Now the ignorati are demanding their due.

The New York Times today carries a fascinating story in which outfits like the National Association of Manufacturers and Associated General Contractors -- huge supporters of the GOP -- are wailing about what the GOP is now doing to them.

With all that big business cash safely deposited in campaign and PAC accounts, the Tea Party wing in the House is now threatening to virtually destroy American exports by taking apart the U.S. Export-Import Bank. The bank, created in 1934 to finance deals with our then ally, the Soviet Union, is a favorite target of the new paranoia wing of the GOP, who think it's a commie-socialist intrusion on the free market.
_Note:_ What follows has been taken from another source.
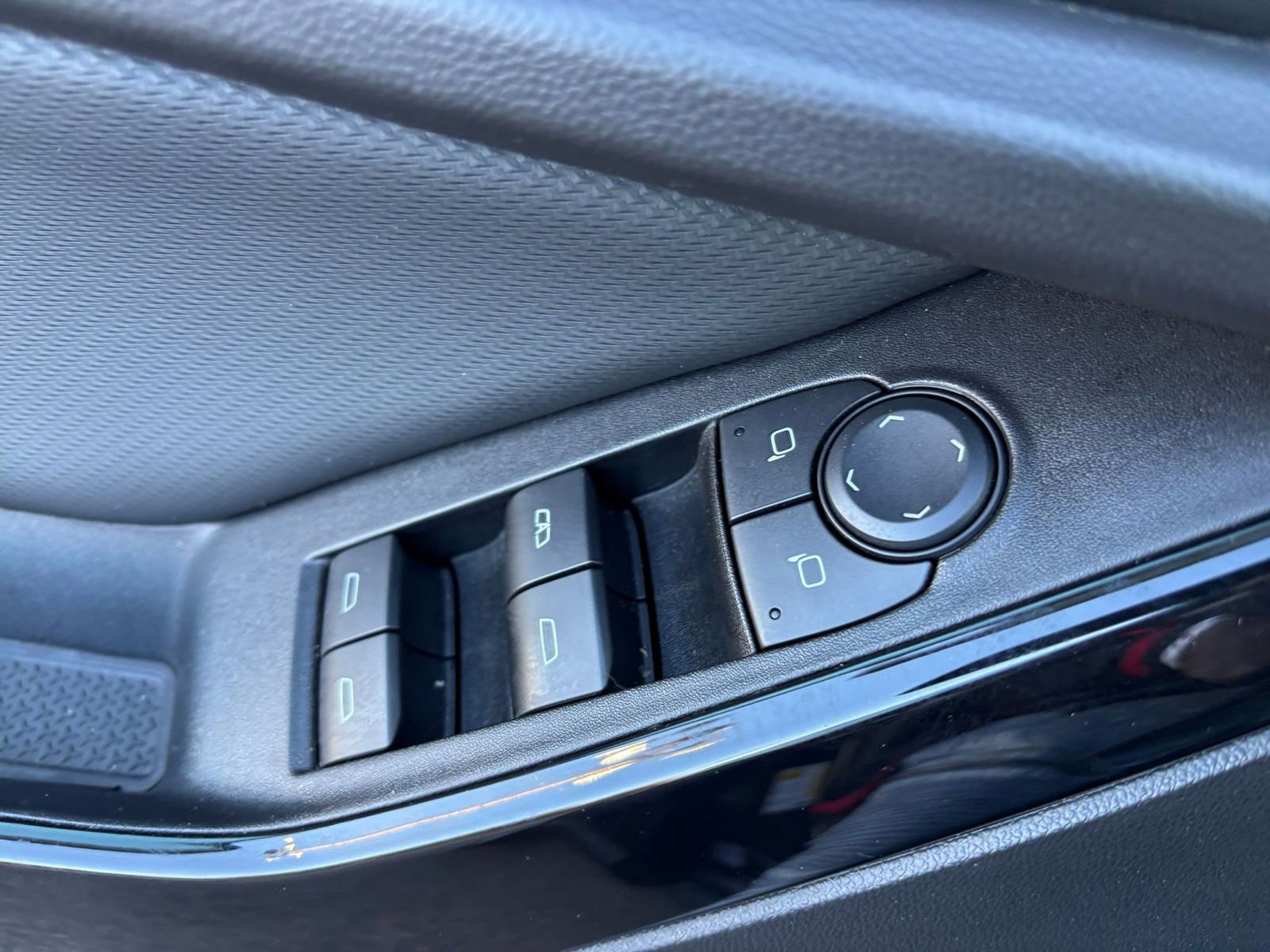 Used 2025 Chevrolet Equinox LT image 20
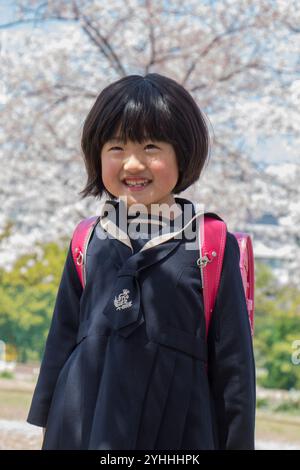 Grundschule - Beginn - Erinnerungsfoto unter Kirschblüten Stockfoto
But the people who actually sell overseas say the bank is a crucial function of government without which they cannot survive. The Times story quotes a guy whose company sells crop-dusters saying no private sector banking institution in the country can or will ever step in to finance the foreign deals that the Ex-Im Bank has always done: "There is not a free-market system that operates like that," says Daviod Ickert of Air Tractor. "It does not exist. We need the Ex-Im Bank, period."

Oh my God, a socialist! Man the pitchforks!

Other countries have vigorous versions of our Ex-Im Bank. In the way of the world, about two seconds after we kill our own foreign trade bank, competitors in those other countries will jump in and grab our trade away from us -- not a pleasant prospect for the major business groups quoted in the story.

Yeah, well, you guys did this to yourselves. You fueled the Rovian bargain. And we can sort of see it. It probably seemed like a brilliantly simple answer to an otherwise impossible question: How can the GOP get the American middle and working classes to screw themselves?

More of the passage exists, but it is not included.